## [PROBLEM TO WORK ON]
Reproduce the first line of the entries that follow and each later line, word for word, ending with the one containing "Nash Bullet Mono".
*** Opening SUPPLIED DATA ***
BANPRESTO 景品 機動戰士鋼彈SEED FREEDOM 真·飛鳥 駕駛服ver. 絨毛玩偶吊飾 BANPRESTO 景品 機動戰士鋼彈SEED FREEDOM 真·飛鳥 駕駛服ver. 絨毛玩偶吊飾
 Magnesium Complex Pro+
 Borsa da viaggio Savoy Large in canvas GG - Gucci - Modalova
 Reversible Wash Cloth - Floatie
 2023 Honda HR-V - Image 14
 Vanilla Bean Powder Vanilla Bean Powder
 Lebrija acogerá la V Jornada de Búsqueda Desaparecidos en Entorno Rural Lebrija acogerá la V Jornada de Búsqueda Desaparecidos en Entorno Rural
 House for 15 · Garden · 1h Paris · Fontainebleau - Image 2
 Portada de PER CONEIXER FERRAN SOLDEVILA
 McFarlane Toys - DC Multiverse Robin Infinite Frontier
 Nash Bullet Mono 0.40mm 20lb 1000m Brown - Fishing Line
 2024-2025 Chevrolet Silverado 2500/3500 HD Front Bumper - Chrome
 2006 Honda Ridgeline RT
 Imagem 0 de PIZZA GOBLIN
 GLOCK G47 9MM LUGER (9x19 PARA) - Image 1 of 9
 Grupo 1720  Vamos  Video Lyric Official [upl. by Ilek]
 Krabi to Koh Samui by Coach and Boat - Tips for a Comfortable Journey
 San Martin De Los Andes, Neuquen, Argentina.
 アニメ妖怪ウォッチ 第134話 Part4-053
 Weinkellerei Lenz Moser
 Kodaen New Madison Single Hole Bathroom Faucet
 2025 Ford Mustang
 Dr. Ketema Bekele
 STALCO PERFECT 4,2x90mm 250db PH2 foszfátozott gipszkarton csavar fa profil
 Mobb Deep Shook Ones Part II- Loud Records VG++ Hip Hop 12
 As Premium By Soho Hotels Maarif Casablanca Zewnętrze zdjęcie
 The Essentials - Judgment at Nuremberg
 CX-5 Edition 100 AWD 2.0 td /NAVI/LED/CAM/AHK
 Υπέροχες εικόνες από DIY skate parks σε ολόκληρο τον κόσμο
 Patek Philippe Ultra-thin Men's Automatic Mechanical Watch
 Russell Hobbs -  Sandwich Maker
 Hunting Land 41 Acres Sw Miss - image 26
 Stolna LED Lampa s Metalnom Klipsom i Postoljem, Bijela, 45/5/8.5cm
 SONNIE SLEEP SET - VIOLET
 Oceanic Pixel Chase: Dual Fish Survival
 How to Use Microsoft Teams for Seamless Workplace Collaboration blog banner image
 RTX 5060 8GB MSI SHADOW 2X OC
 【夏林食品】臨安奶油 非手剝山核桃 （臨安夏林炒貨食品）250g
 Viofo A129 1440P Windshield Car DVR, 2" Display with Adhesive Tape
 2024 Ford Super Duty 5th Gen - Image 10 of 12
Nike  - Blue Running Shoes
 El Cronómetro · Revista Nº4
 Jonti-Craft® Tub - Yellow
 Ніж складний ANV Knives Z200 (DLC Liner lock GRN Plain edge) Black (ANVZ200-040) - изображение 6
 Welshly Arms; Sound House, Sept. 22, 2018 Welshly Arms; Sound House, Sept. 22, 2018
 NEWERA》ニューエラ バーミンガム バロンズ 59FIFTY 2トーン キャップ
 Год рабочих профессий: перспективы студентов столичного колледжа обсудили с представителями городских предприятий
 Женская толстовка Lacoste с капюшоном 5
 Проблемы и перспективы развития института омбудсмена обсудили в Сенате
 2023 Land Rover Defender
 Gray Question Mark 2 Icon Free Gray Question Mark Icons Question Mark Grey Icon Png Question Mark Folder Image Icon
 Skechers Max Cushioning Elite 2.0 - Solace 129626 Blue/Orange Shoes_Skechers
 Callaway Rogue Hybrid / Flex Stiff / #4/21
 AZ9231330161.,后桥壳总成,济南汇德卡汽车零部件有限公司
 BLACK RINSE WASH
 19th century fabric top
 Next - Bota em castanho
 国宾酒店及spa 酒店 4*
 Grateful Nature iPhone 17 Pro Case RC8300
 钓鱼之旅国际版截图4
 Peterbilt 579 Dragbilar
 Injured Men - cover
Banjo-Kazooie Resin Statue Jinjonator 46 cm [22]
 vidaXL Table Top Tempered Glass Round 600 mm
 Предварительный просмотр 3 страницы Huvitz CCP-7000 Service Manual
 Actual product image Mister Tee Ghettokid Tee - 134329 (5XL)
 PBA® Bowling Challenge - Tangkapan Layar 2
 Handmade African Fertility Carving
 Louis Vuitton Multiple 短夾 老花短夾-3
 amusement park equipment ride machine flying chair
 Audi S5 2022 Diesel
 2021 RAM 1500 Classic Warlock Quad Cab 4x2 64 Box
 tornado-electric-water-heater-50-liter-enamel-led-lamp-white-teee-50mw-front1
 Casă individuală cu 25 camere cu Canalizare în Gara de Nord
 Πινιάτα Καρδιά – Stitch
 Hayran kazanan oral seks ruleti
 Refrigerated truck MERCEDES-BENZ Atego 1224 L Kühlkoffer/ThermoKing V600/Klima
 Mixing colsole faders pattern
*** Closing SUPPLIED DATA ***
## [ANSWER]
BANPRESTO 景品 機動戰士鋼彈SEED FREEDOM 真·飛鳥 駕駛服ver. 絨毛玩偶吊飾 BANPRESTO 景品 機動戰士鋼彈SEED FREEDOM 真·飛鳥 駕駛服ver. 絨毛玩偶吊飾
 Magnesium Complex Pro+
 Borsa da viaggio Savoy Large in canvas GG - Gucci - Modalova
 Reversible Wash Cloth - Floatie
 2023 Honda HR-V - Image 14
 Vanilla Bean Powder Vanilla Bean Powder
 Lebrija acogerá la V Jornada de Búsqueda Desaparecidos en Entorno Rural Lebrija acogerá la V Jornada de Búsqueda Desaparecidos en Entorno Rural
 House for 15 · Garden · 1h Paris · Fontainebleau - Image 2
 Portada de PER CONEIXER FERRAN SOLDEVILA
 McFarlane Toys - DC Multiverse Robin Infinite Frontier
 Nash Bullet Mono 0.40mm 20lb 1000m Brown - Fishing Line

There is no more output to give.